EXERCISE PROMPT: Give again, unaltered, the line with "2012 Hyundai Genesis Coupe sold for $9,712" and all lines that follow it in the listing below, minus any pictures.

INFORMATION SUPPLIED:
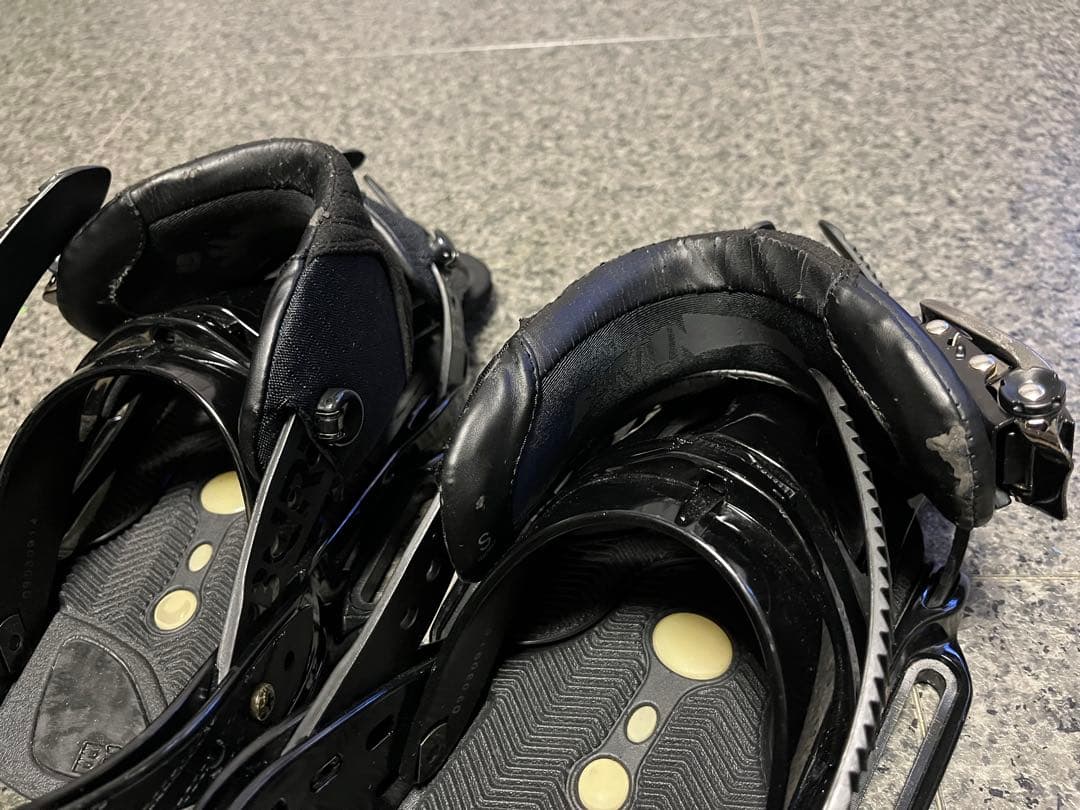 ならんならん burton genesis s 白 cartel s 黒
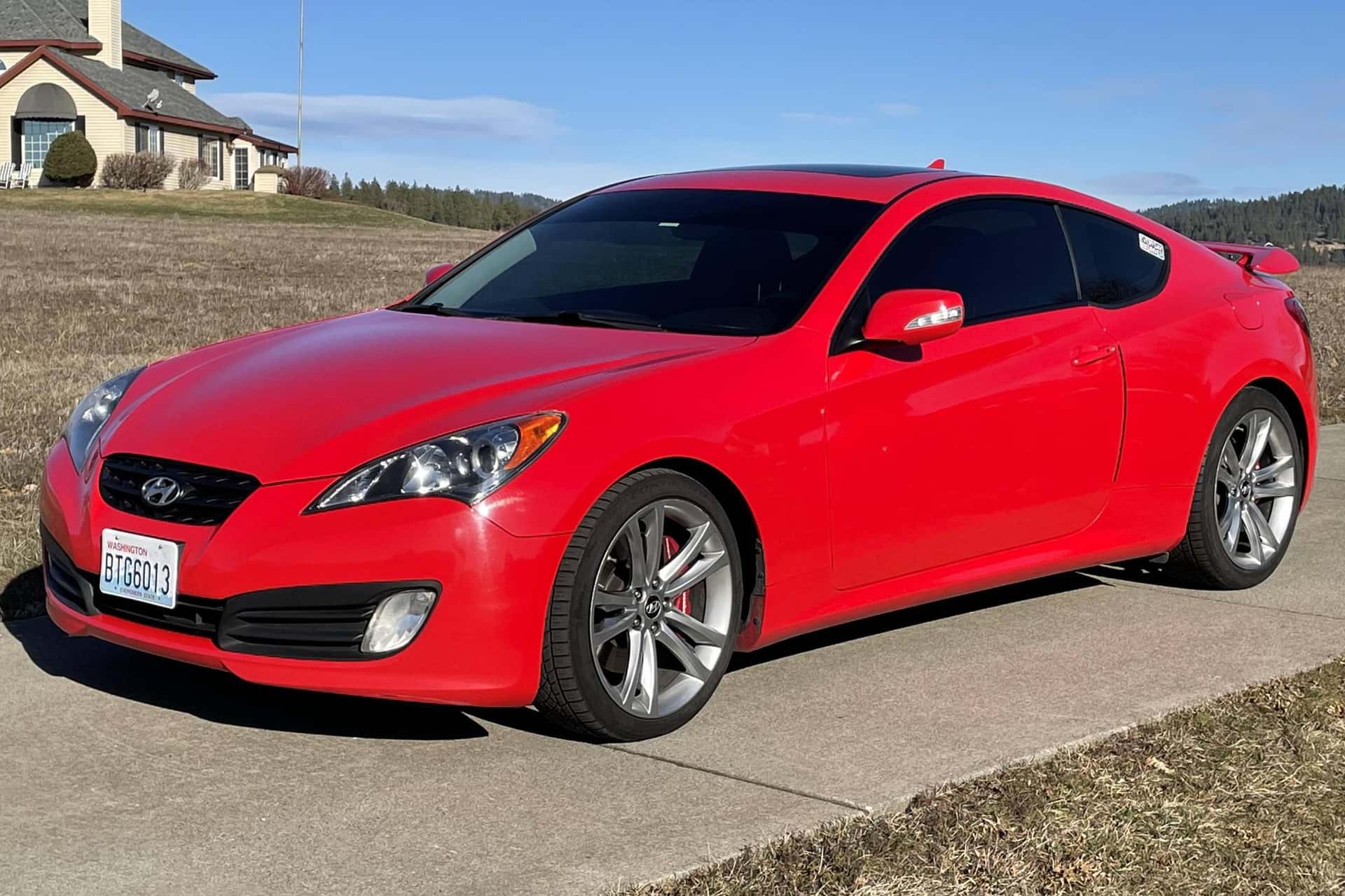 2012 Hyundai Genesis Coupe sold for $9,712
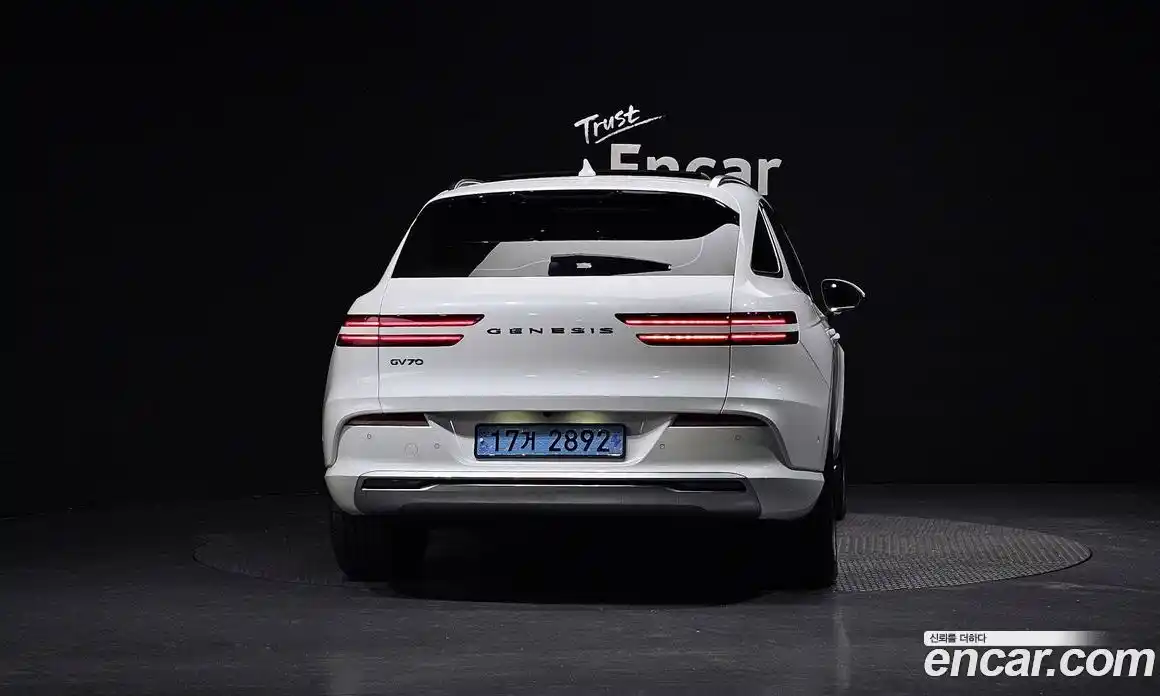 Genesis GV70 2022 0.1 Автомат в Москве № 25240, фото 4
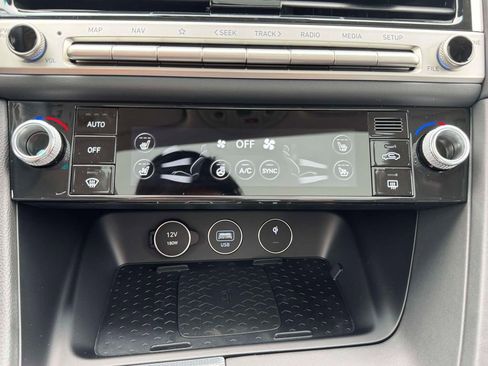 New 2026 Genesis G70 2.5T Prestige image 27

YOUR RESPONSE:
 2012 Hyundai Genesis Coupe sold for $9,712
 Genesis GV70 2022 0.1 Автомат в Москве № 25240, фото 4
 New 2026 Genesis G70 2.5T Prestige image 27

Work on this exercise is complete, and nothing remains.